=== RECORDS TO USE ===

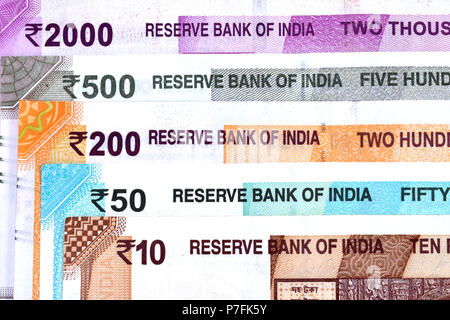 . Neue indische Währung des 2000,500,200,50 und 10 rupee Notizen Stockfoto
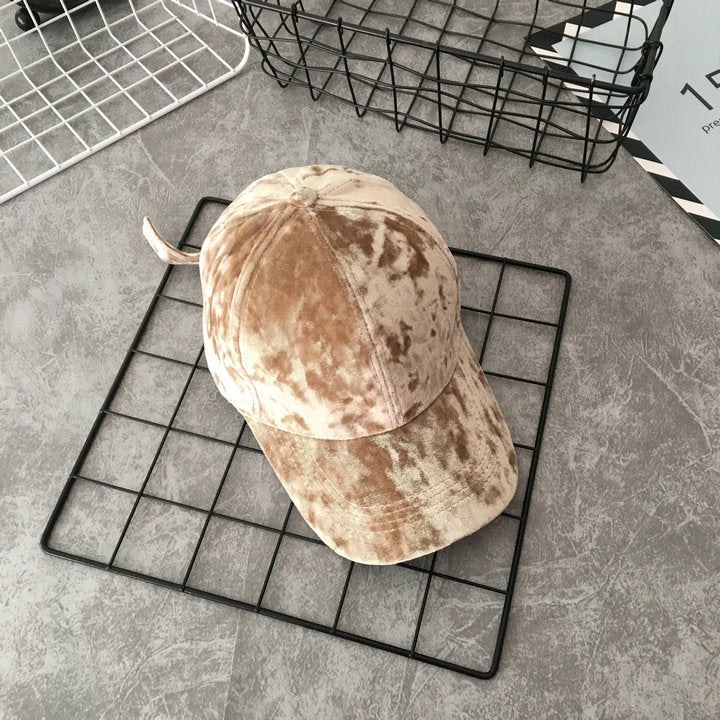 Sametová čepice pro ženy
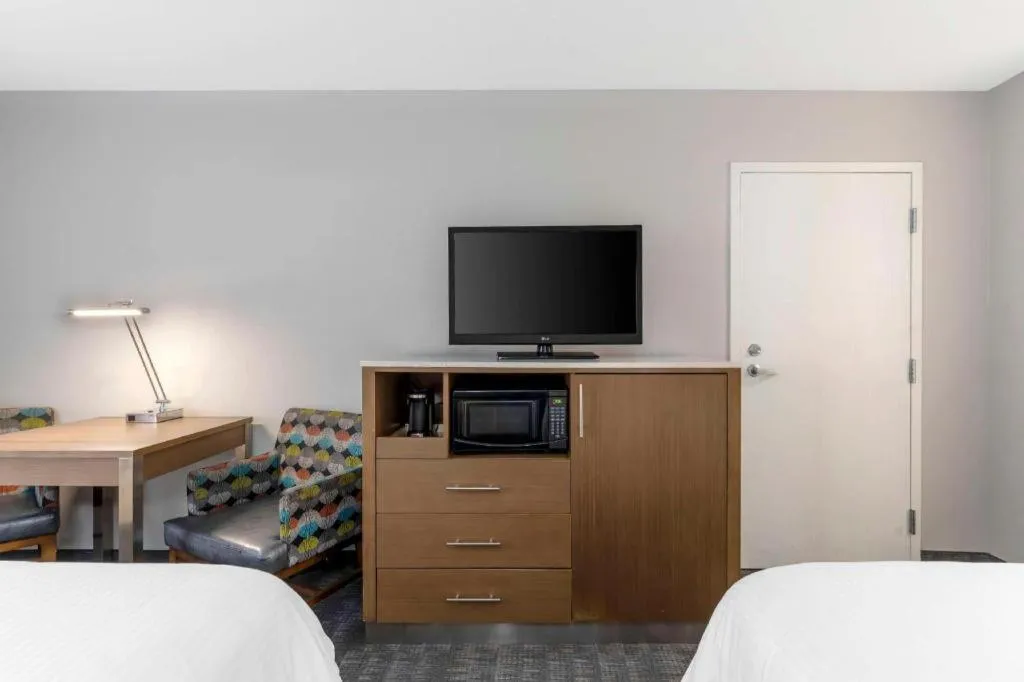 Bed in Best Western Galt Inn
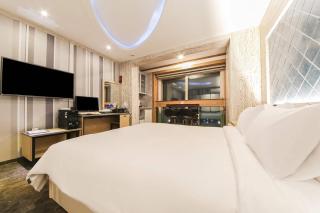Hotel TopsVille - Gangneung - 3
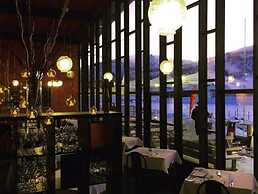 Man From Snowy River Hotel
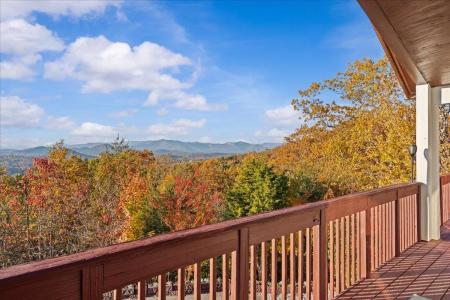 156 Overlook Drive, Pickens, South Carolina 29671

===

◆ **WHAT TO DO**
A verbatim copy is needed of the lines running from the line with "Hotel TopsVille - Gangneung - 3" to the end of the data above, both included. Keep the pictures out of it.

◆ **YOUR RESPONSE**
Hotel TopsVille - Gangneung - 3
 Man From Snowy River Hotel
 156 Overlook Drive, Pickens, South Carolina 29671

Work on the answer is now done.